A Python toolbox for face pose augmentation based on 3DDFA [1] and the authors' original Matlab code. Comparing to the Matlab version, we fixed few bugs and improved the algorithm to get better correspondence between the 2D landmarks on the original image and the landmarks on the warped image. This tool has been used in our previous work on the topic of pose-invariant lip-reading [2]. We kindly request you to cite both [1] and [2] should you decide to use this tool in your research.
- Numpy:
$pip3 install numpy
- Sciypy:
$pip3 install scipy
- PyTorch:
$pip3 install torch torchvision
- OpenCV:
$pip3 install opencv-python
- cmake:
$pip3 install cmake
- igraph:
$pip3 install igraph
- matplotlib:
$pip3 install matplotlib
- shapely:
$pip3 install shapely
- cython:
$pip3 install cython
- ibug.face_detection: See this repository for details: https://github.com/hhj1897/face_detection.
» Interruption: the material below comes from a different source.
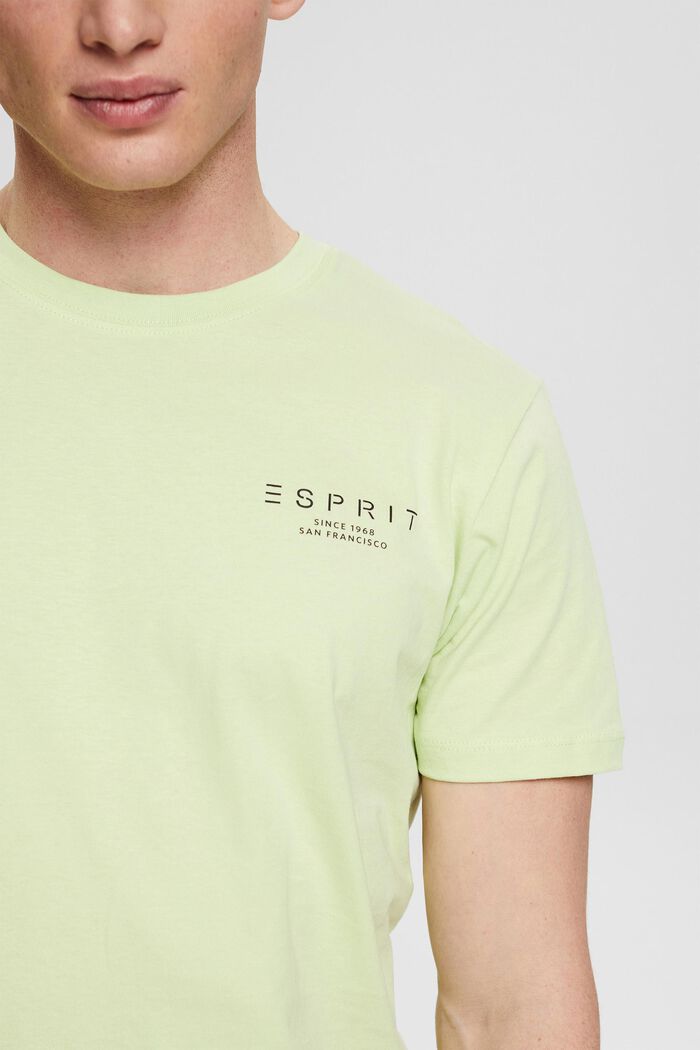 Logokirjailtu jersey-T-paita, LIGHT GREEN, detail image number 1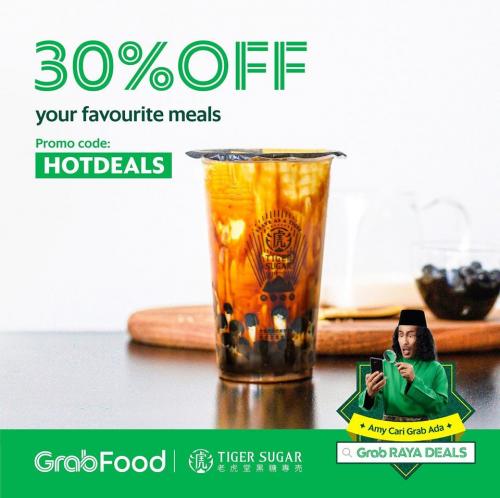 Tiger Sugar Raya 30% OFF Promotion on GrabFood (valid until 23 May 2020) Tiger Sugar Raya 30% OFF Promotion on GrabFood (valid until 23 May 2020)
- ibug.face_alignment: See this repository for details: https://github.com/hhj1897/face_alignment.
git clone --recurse-submodules https://github.com/hhj1897/face_pose_augmentation.git
cd face_pose_augmentation
pip install -r requirements.txt
pip install -e .
Please install ibug.face_detection and ibug.face_alignment before running this test.
python face_pose_augmentation_test.py [-i webcam_index]
Please install ibug.face_detection and ibug.face_alignment before running this test.
python face_pose_augmentation_main.py -i "samples/images" -o "samples/outputs" -y -20
from ibug.face_pose_augmentation import TDDFAPredictor, FacePoseAugmentor
# Instantiate 3DDFA
tddfa = TDDFAPredictor(device='cuda:0')
# Create the face pose augmentor
augmentor = FacePoseAugmentor()
# Fit 3DMM to the face specified by the 68 2D landmarks.
tddfa_result = TDDFAPredictor.decode(tddfa(image, landmarks, rgb=False))[0]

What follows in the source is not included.